At long last, Kid Yamamoto enters the Octagon!

By Frank Curreri

Enjoy Norifumi “Kid” Yamamoto while you can, because the Japanese sensation is not on the Randy Couture career plan, or even the Chuck Liddell longevity plan, for that matter.

Not even close.

Couture, 47, is still fighting. Liddell, at 41, recently retired. Yamamoto, a 33-year-old bantamweight, aims to crown his legacy with a UFC title and fight for two or three more years before walking away from the sport that made him famous in his homeland.

“I can fight when I’m older, but I don’t want to fight at that age,” said Yamamoto (18-3, 1 NC). “Maybe a couple more years and then I’ll quit. I always wanted to fight in the US and now the UFC has my weight (135), so it’s the right time. This is my last season.”

It’s been quite a wait – taking nearly a decade to finally land the ultra-aggressive knockout artist into the Octagon. For too long, when American fans debated the top bantamweights, it was begrudgingly wrapped in theory (which makes for a rather poor proving ground). Go back five years or so to when there was much talk about what would happen if Japan’s “Kid” clashed in a Super Fight with California’s “Kid” (Urijah Faber)? Miguel Angel Torres vs. Kid Yamamoto, who takes it?

 


Today, the competitive landscape is much more cluttered and other fighters have closed the gap. There is no shortage of potentially intriguing challenges for Yamamoto, beginning with UFC bantamweight champ Dominick Cruz, as well as the likes of Joseph Benavidez, England’s Brad Pickett and Scott Jorgensen, among others. Always one to speak his mind without a filter, Yamamoto recently raised eyebrows when he purportedly told a reporter for Japan’s Daily Sports that “there aren’t really any guys at my level” in the UFC’s 135-pound division.

The media outfit also reported that Yamamoto, when asked about Dominick Cruz, called the reigning champ “nothing special” and added, “I’ll bring him down.”

Asked about the comments, Yamamoto defended his remarks as simply the way all great fighters must think. He chuckled several times while delivering his response, seemingly amused that people find such talk noteworthy or remarkable.

“Every fighter thinks like that. That’s natural,” Yamamoto said. “What am I supposed to say, ‘Oh, he’s better than me”? He’s stronger than me”?’ No way, I can take anybody! It’s so funny. It’s not a big deal (laughs).
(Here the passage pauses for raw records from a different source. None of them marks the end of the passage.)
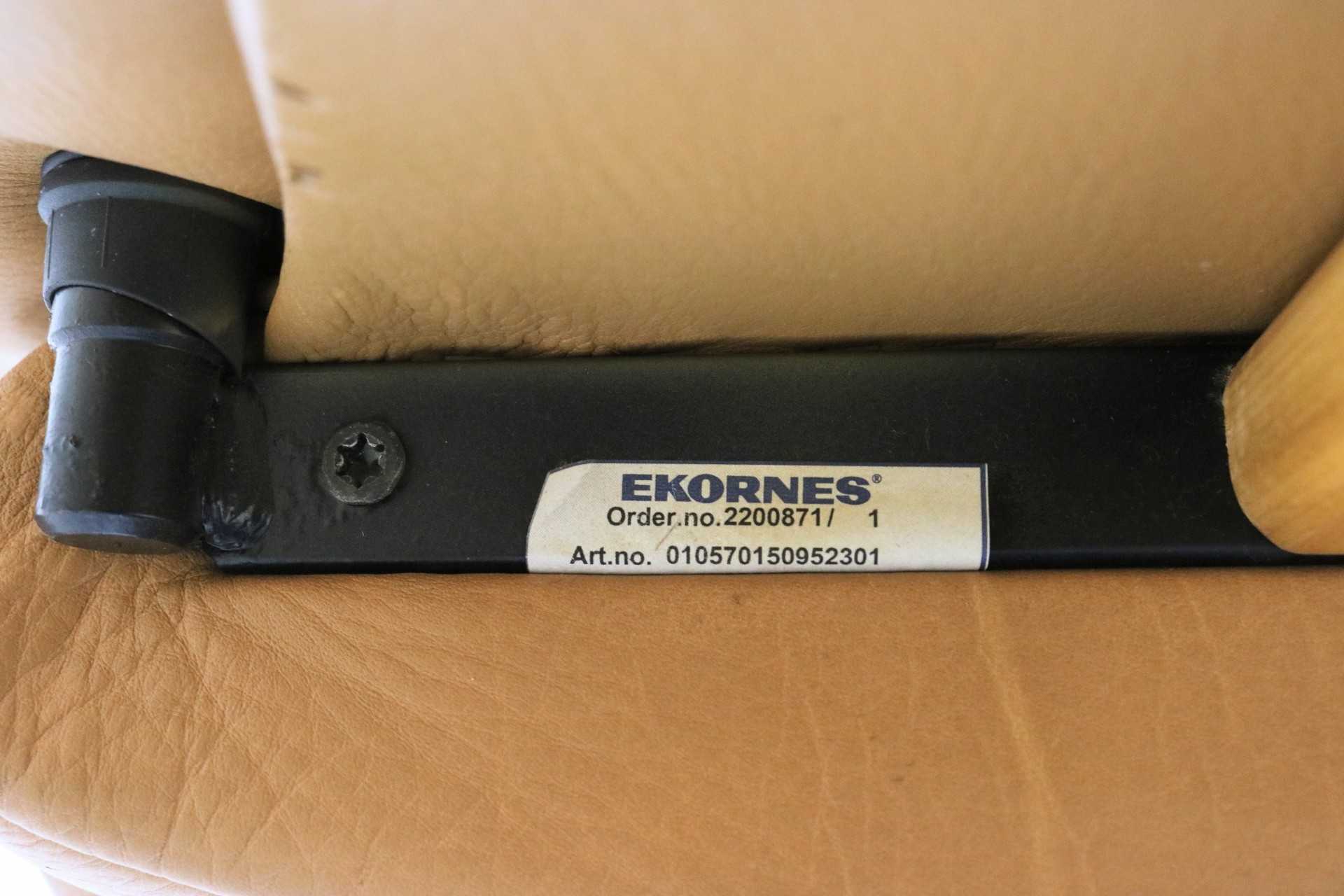 GMHH498○EKORNES / エコーネス ロイヤル リクライニングチェア パーソナルチェア オットマン ライトキャメル 本革 北欧 ノルウェー 最高級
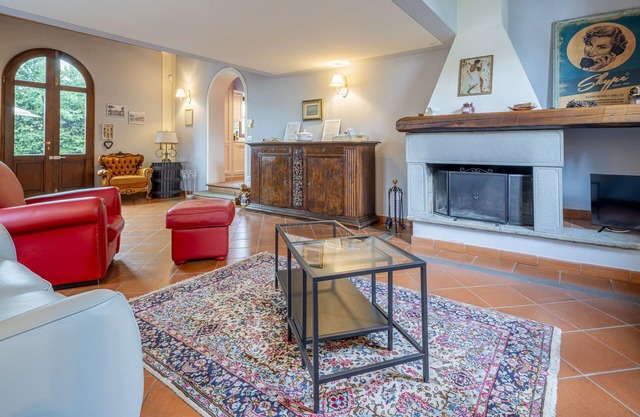 Beautiful private villa for 6 people with A/C, WIFI, TV, pets allowed and parking
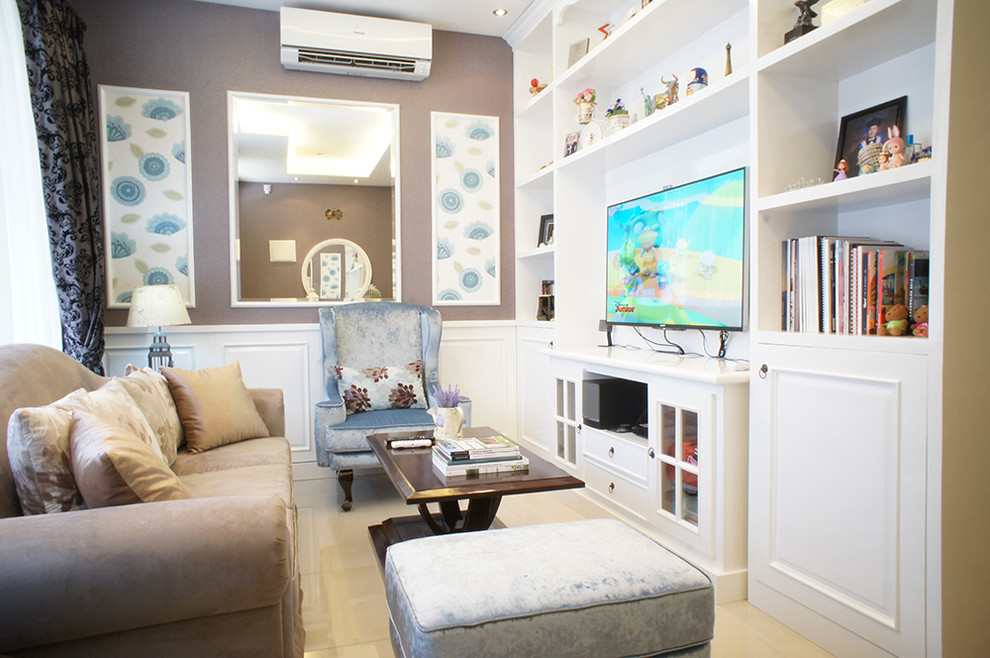 Diseño de salón para visitas cerrado clásico pequeño con paredes beige, suelo de baldosas de cerámica y pared multimedia
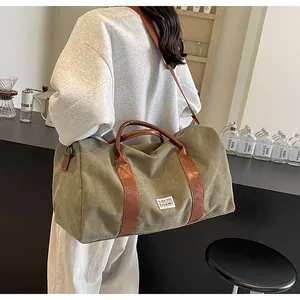Große Reisetasche aus Canvas mit Lederriemen als Schultertasche in Lifestyle-Ansicht.
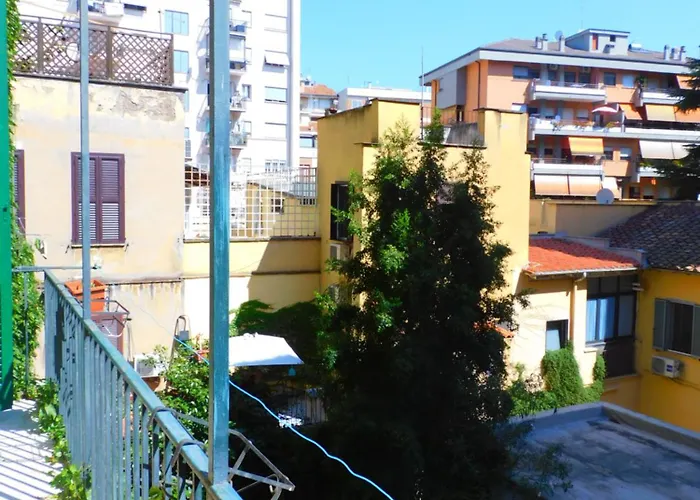 San Giovanni Metro Apartment Rom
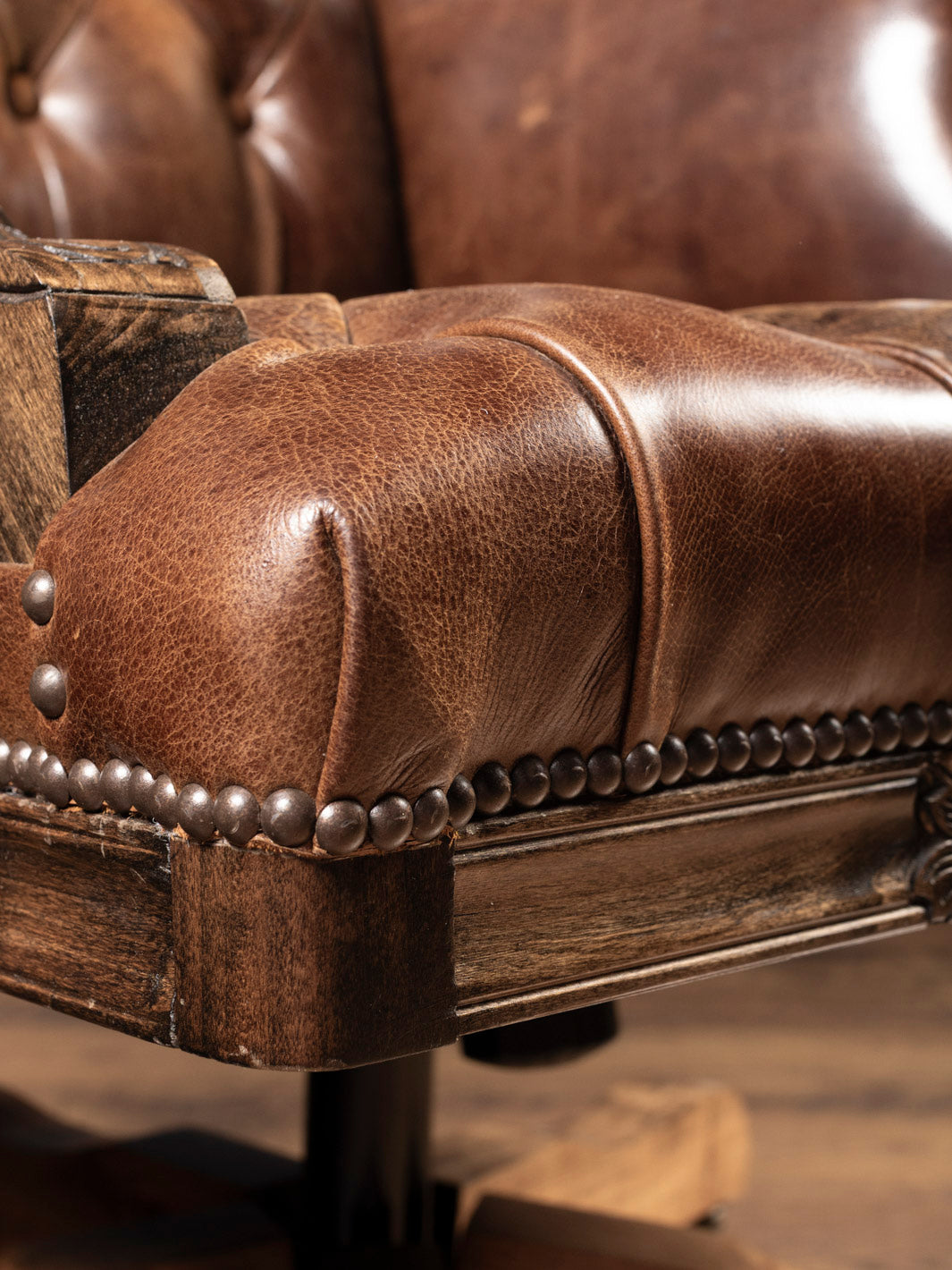 Western Executive Tufted Leather Desk Chair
Tell everybody to chill out and not to get too excited. Everybody has to think that they are the best.”

This is Yamamoto’s ultimate chance to show, once and for all, that he is the standard by which all other 135ers should be measured. To reach the crème de la crème of the division, the frosty-haired, tanned showman must first repel Demetrious Johnson (12-1), his opponent at UFC 126 in Las Vegas. Matt Hume, Johnson’s coach and a former pro fighter who has trained, fought and judged in Japan, has followed Yamamoto’s entire career and probably knows the athlete’s tendencies as well as any American coach. Hume believes Yamamoto vs. Johnson pits the two fastest fighters in the world against each other. And he might be right.